The rate of mass shootings for 2018 compared to last is unlikely to change significantly, there is no reason for it to do so, any change is going to just a statistical variation.

On possible significant cause of change is not going to happen. Trump suggested he would make changes, but he has done nothing. I remember it being said Trump is used to getting people round a table and battering out an agreement. But that was to get a contract to build a new casino or golf club. Getting the NRA to agree with the anti-gun lobby is even more improbable than getting the two sides in the Northern Irish Troubles to agree.

The lunatic's response was to blame it on Obama not giving the police enough military surplus weapons and promising to fix things by giving them more - completely insane.
 
I watched a documentary about the Aurora mass shooting.

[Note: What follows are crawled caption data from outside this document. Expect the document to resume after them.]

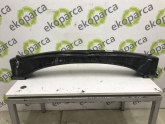 VOLKSWAGEN TOUAREG 2010 2015 ARKA TAMPON DEMİRİ 7P0807309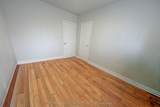 812 Kennedy Road - Photo 11
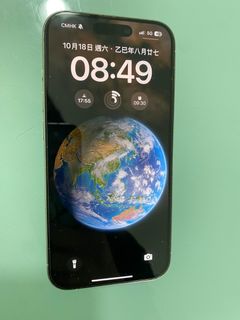（分類：）位於 。 由 ashton1001 提交（商品編號 1398873699，圖片 1）。簡介： 。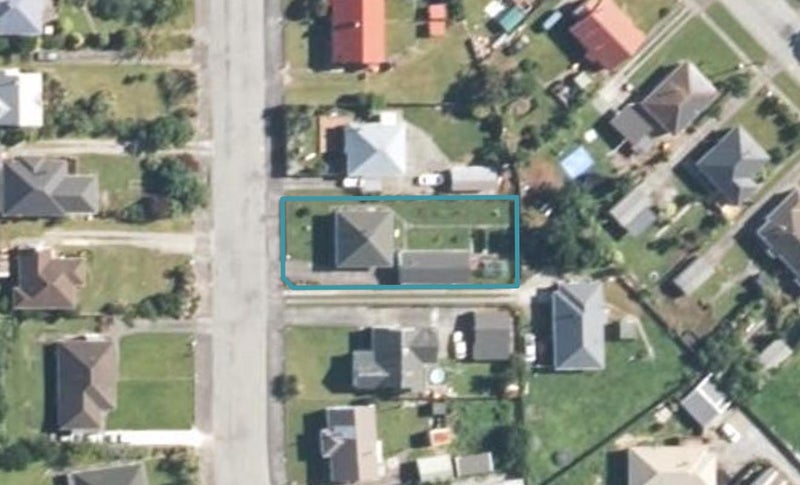 17 Firth Street, Cobden, Greymouth - Carousel 1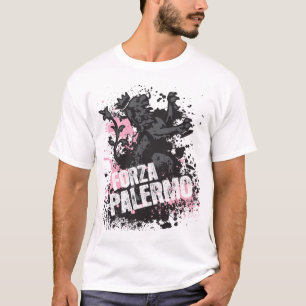 Forza Palermo T - Shirt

What was particularly depressing was that in the USA, only those most closely linked to that shooting were bothered by it. Whereas in Scotland , with Dunblane, the entire country felt the affects. It was as if we had all be shot at.

If it's still online, you can find me in the online condolences for the Dunblane killing.

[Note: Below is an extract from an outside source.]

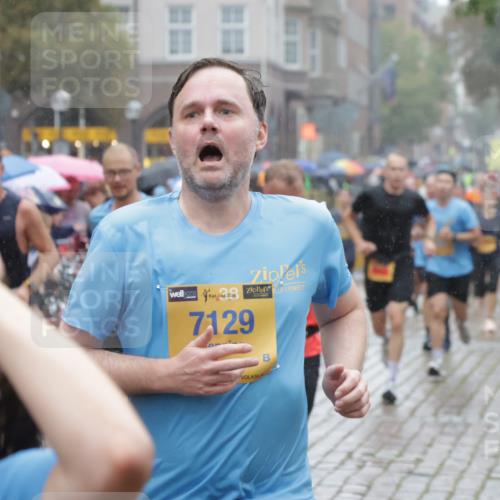 13.09.2026 - Kiel Lauf Yannick Fuchs http://msf.ph/oto/10409478 13.09.2026 10:38:13 Ziel 265, 861, 1193, 2275, 2538, 2792, 2897, 4009, 4226, 4411, 4465, 4832, 5048, 5122, 5136, 6463, 6769, 7130, 7682, 7830, 8573, 9993, 10439, 10849, 12313, 12674, 228, 453, 701, 1041, 1326, 1481, 1700, 1707, 2358, 2361, 2538, 3566, 3860, 4255, 4540, 4832, 5357, 5429, 5831, 5850, 5972, 6133, 6230, 6675, 6964, 7129, 7732, 7775, 8560, 9138, 9230, 9250, 9431, 11168, 12015, 12424, 1192, 1974, 2505, 3307, 4241, 4514, 4659, 5425, 5440, 5706, 5780, 5982, 6774, 7235, 9246, 3981 meine-sportfotos.de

I'm bothered by every shooting. I'm especially bothered that I have less time to process each one before the next one takes place. In 2006 when the "Capitol Hill Massacre" took place, I joined some local online raver boards, and commiserated with them, and offered them some advice on how to cope with being the current hated subculture (being a goth, I know too well).

I have several friends who simply refuse to go into public places anymore because of the anxiety it causes.

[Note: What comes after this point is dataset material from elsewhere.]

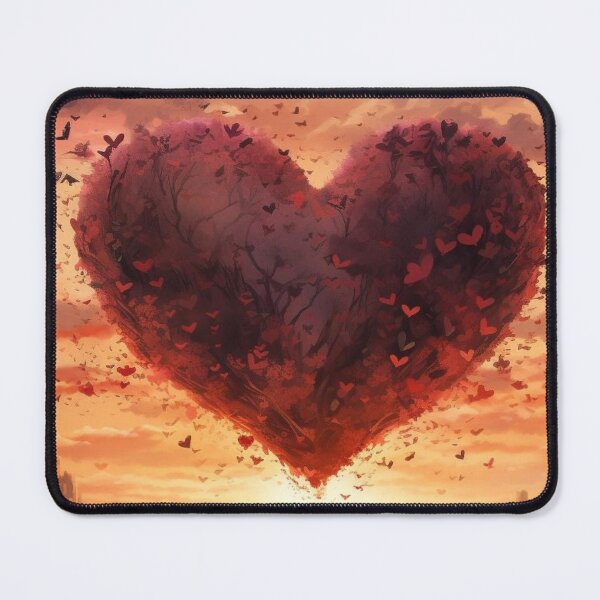Item preview, Valentine Day Clipart, Philadelphia, Valentines Day Art designed and sold by PedalPowerGFX.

But as the economy has become so much worse for anyone but the richest, as people try to juggle 2-3 jobs and hope they won't get sick and lose everything, there's less and less energy left for empathy, support, or caring for anyone outside your social circle. This is why health care is turning into a popularity contest. You start a donation page, and you hope you have a lot of friends with a little extra money.

But I'm getting distracted from my point. When you're treading water in a flood, you're too busy trying to keep from drowning to help other people, and that's what it's becoming here.
 
In the wake of the Kentucky school shooting, a look at how kids get guns. Nearly half of our states lack “safe storage” laws to keep guns in homes out of kids’ hands

“I noticed a lady that was distraught, couldn’t find her child,” Adams said. Adams was texting with her son, and tried to get information for the other parent. That’s when they both learned something terrible.

“That was the shooter’s mother,” Adams said. She said the woman went into what seemed like shock.

“I held her hair while she threw up.”

Adams says the mother was in shock.

The shooter took the gun out of her closet,” Adams said.
Safe Storage

“We know that those laws work,” Hannah Shearer said. She’s a staff attorney at the Giffords Law Center to Prevent Gun Violence, which formed after Arizona U.S. Representative Gabby Giffords was shot in 2011.

“There is research that states that have child access prevention laws have successfully reduced unintentional gun injuries among children and also child suicides,” Shearer said. “We know that in states with those laws fewer kids are getting their hands on their parents’ guns and harming themselves with guns.”
Kentucky State Senator Gerald Neal, a Democrat from Louisville, introduced a child access law in the last legislative session.

....

Neal said his bill is not about gun control but about gun safety. He compared it to laws on wearing seat belts. Still, the bill went nowhere. In Ohio, similar bills met a similar fate in the last three sessions.

....

The Ohio Valley region has a high percentage of state lawmakers who get a positive rating from the National Rifle Association for votes or campaign pledges that limit regulation of firearms. The NRA did not return requests for an interview for this story.
 
No need. We can just post here every time there's a new mass shooting. I doubt the thread will stay dormant too long.

Exactly no need for seperate threads for every mass shooting, that is just plain inefficient and confusing.